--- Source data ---
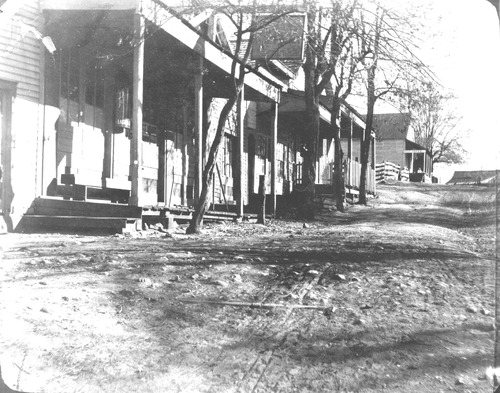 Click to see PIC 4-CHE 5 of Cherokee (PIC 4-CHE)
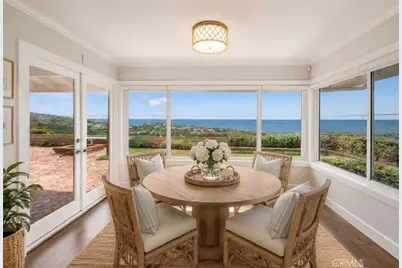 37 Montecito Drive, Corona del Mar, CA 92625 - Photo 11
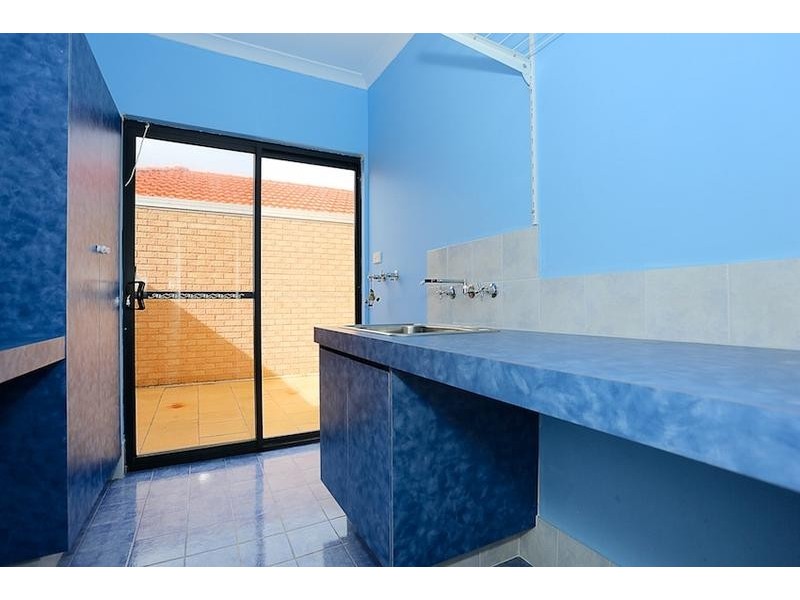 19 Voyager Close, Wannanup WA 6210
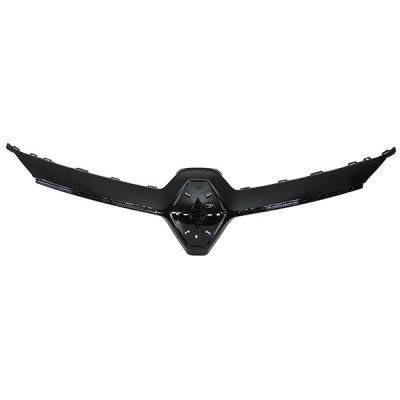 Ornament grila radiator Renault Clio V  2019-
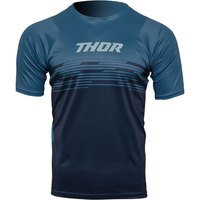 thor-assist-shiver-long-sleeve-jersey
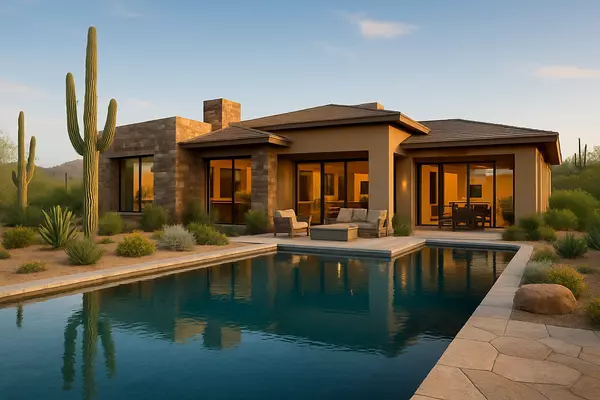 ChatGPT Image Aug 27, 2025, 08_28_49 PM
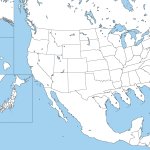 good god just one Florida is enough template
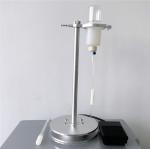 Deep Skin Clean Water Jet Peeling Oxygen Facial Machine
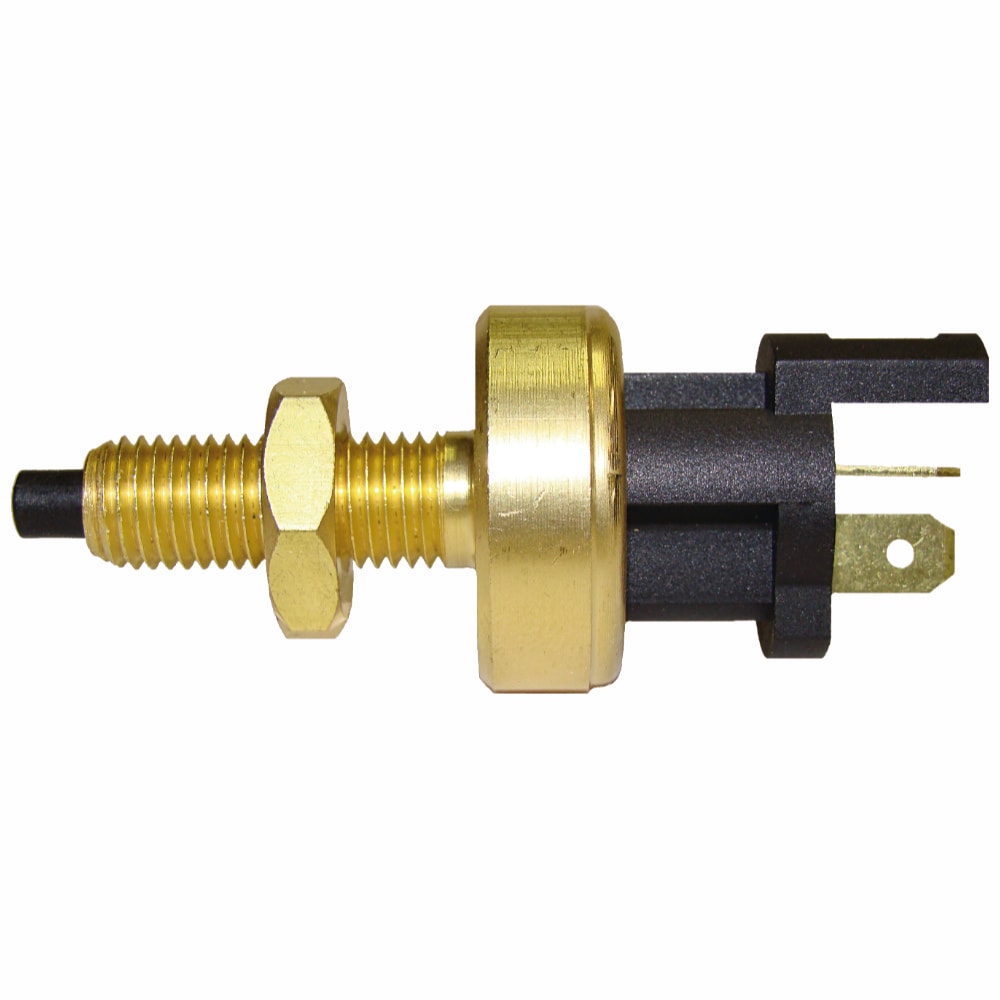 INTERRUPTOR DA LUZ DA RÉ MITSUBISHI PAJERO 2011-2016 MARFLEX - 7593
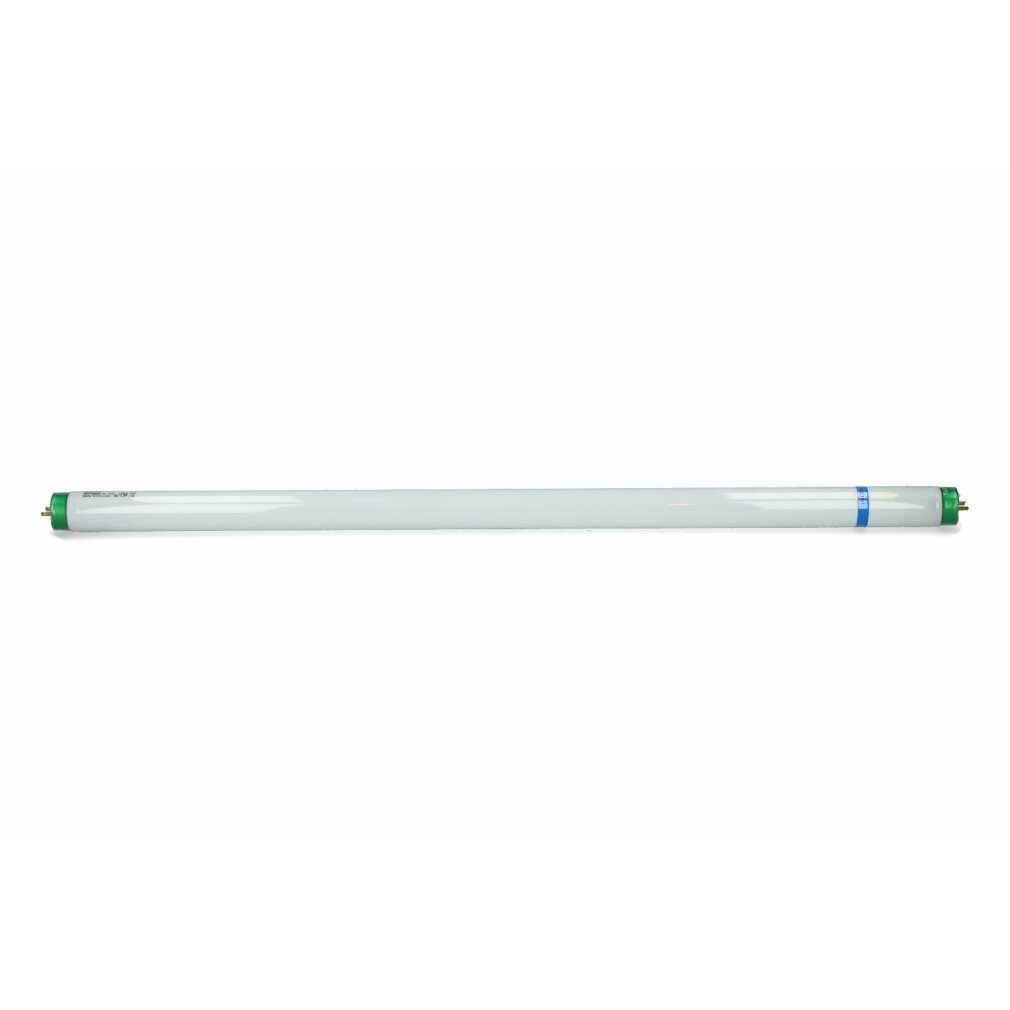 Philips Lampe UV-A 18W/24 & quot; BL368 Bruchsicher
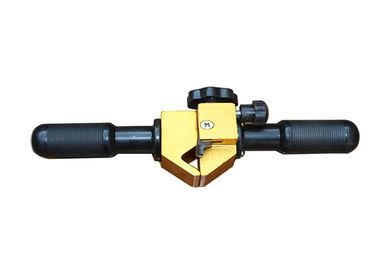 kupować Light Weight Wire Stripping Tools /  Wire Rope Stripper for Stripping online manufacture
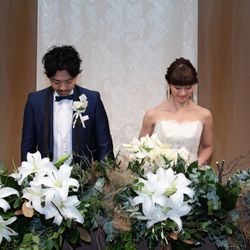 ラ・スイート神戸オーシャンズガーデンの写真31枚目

--- Your task ---
Hand back the exact lines from the start of the entries to the line with "good god just one Florida is enough template", both ends kept and pictures left out.

--- Written solution ---
 Click to see PIC 4-CHE 5 of Cherokee (PIC 4-CHE)
 37 Montecito Drive, Corona del Mar, CA 92625 - Photo 11
 19 Voyager Close, Wannanup WA 6210
 Ornament grila radiator Renault Clio V  2019-
 thor-assist-shiver-long-sleeve-jersey
 ChatGPT Image Aug 27, 2025, 08_28_49 PM
 good god just one Florida is enough template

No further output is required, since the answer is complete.